Disaster Recovery Preparedness Continues to Grow

Effective disaster planning can mean the difference between bringing a business back online quickly or potentially closing the front doors forever. It could mean the loss of millions of dollars or just a few minutes of downtime. Business continuity plans provide businesses with a road map for responding to problems, from severe weather events, to a loss of electricity, to massive flooding, among many other scenarios.

And according to an article on www.sfgate.com by Verne Kopytoff, the first step in planning is to identify critical assets, including facilities, technology infrastructure and corporate data, and then document how to protect those assets in the event of disruption.

“Planning should not be limited just to a company’s own operations,” Kopytoff writes. “Key partners and suppliers could also run into trouble. For example, companies are increasingly using software in the cloud — services provided by third parties from remote data centers. What if such a vendor went offline?”

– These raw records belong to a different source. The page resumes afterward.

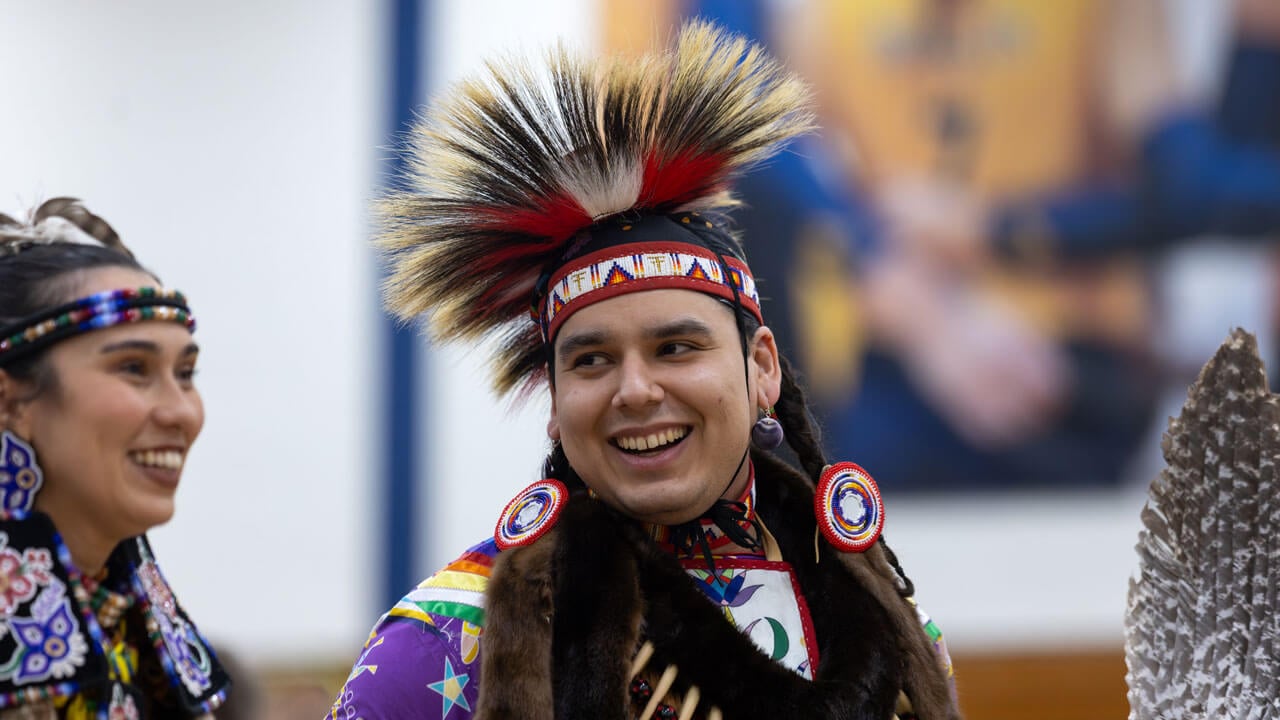 A Powwow dancer in vibrant attire smiles at Quinnipiac’s Dancing in the Shadow of Sleeping Giant Powwow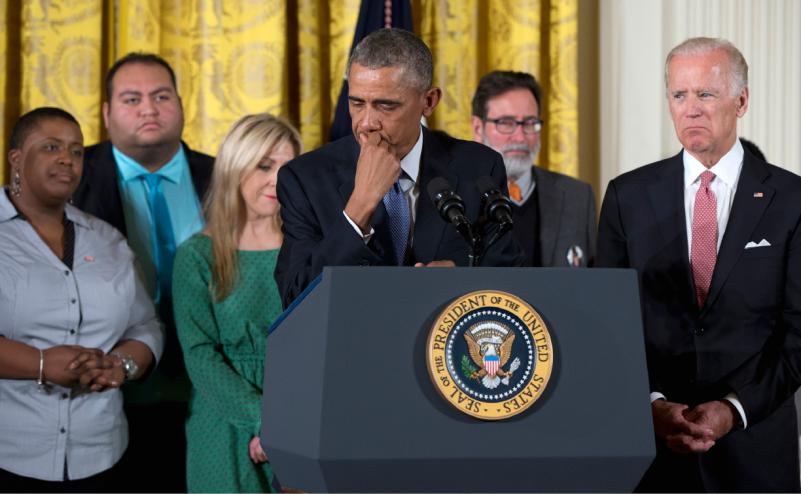 President Barack Obama joined by Vice President Joe Biden and gun violence victims pauses as he speaks in the East Room of the White House in Washington Tuesday Jan. 5 2016 about steps his administration is taking to reduce gun violence. (AP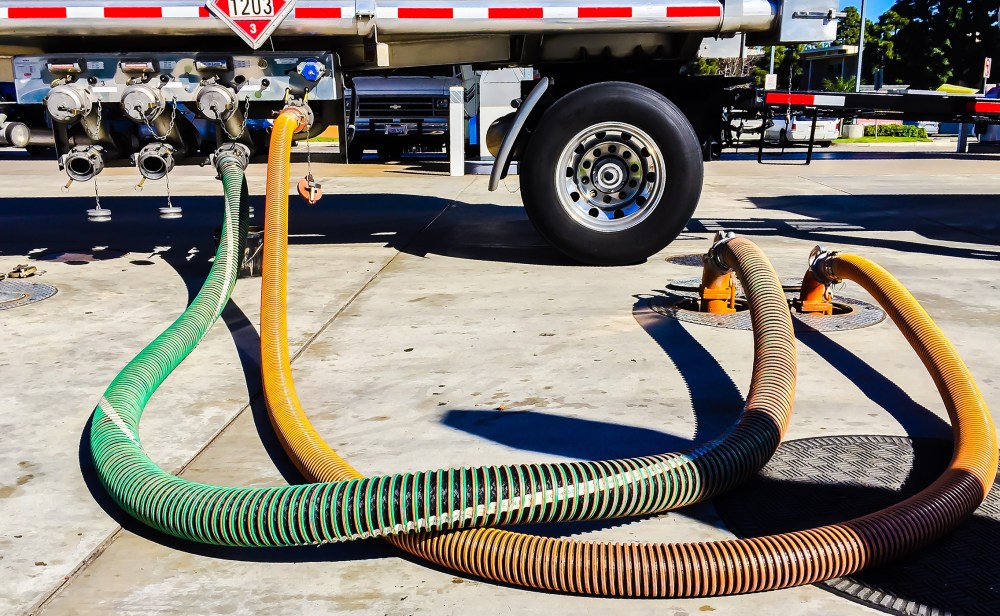 A gasoline tanker distributes gasoline to underground gasoline tanks in Venice, Calif., Jan. 24, 2015. (Photo by Bob Berg/Getty)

Almost three-quarters of companies have a BC plan, according to a survey of 300 executives conducted in 2011 by Disaster Recovery Journal and consulting firm Forrester Research. These companies focus on technology recovery first and foremost, including ensuring that key computer systems operate during and after any disaster strikes. This can be costly, however, and companies must strike a balance between keeping some systems in place while letting others take a back seat temporarily. But most important is backing up at a secure facility, which may be offsite. Another key BC area is drilling to ensure that data-recovery plans work in all situations.